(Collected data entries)

======

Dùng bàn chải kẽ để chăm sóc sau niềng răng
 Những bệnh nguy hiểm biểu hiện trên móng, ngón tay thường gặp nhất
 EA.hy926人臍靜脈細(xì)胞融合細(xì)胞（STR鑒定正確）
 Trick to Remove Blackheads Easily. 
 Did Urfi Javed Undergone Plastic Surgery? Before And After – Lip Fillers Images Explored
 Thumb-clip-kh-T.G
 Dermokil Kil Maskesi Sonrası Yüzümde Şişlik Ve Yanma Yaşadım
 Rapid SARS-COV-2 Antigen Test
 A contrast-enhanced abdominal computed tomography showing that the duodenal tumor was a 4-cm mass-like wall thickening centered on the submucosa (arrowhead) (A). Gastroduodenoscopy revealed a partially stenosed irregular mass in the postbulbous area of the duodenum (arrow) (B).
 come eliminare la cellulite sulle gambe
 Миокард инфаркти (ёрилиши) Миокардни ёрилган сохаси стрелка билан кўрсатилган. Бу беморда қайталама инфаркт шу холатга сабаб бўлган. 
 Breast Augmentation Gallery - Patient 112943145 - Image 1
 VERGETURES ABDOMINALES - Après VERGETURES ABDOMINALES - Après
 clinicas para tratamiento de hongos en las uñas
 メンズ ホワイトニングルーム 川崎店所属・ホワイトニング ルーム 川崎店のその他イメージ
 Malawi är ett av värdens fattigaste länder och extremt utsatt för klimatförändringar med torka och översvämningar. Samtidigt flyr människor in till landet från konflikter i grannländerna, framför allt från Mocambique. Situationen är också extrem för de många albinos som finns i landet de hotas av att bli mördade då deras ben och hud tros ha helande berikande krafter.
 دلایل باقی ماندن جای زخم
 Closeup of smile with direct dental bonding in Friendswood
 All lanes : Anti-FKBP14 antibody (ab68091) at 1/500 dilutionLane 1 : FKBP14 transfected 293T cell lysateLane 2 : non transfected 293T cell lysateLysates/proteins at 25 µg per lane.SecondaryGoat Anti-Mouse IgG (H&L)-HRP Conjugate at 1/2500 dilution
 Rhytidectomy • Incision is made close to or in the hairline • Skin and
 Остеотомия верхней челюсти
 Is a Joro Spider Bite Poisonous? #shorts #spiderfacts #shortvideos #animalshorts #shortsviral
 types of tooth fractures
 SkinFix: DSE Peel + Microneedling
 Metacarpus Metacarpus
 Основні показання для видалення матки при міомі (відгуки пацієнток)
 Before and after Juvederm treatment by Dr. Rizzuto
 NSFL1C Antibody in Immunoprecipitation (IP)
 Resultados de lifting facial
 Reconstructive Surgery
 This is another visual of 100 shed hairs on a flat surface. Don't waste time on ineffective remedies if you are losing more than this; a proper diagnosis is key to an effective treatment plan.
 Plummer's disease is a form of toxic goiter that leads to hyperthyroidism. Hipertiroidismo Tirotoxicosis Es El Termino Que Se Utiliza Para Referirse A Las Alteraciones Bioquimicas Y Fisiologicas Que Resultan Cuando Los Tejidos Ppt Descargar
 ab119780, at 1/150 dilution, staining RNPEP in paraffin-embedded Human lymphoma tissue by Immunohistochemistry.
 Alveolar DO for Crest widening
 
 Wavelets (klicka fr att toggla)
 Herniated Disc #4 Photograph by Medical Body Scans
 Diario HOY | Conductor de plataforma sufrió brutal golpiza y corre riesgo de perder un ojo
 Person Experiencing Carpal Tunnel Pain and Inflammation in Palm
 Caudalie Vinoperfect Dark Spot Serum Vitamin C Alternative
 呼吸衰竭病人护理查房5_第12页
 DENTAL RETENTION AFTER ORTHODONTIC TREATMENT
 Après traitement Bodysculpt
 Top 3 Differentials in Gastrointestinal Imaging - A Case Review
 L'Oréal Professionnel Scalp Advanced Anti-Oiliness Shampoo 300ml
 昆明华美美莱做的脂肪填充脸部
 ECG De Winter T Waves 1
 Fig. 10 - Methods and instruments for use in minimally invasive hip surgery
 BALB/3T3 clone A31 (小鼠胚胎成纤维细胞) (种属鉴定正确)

======

§ Problem to work on: When a line of the records holds the word "Après", copy that line.

§ Written reply:
 VERGETURES ABDOMINALES - Après VERGETURES ABDOMINALES - Après
 Après traitement Bodysculpt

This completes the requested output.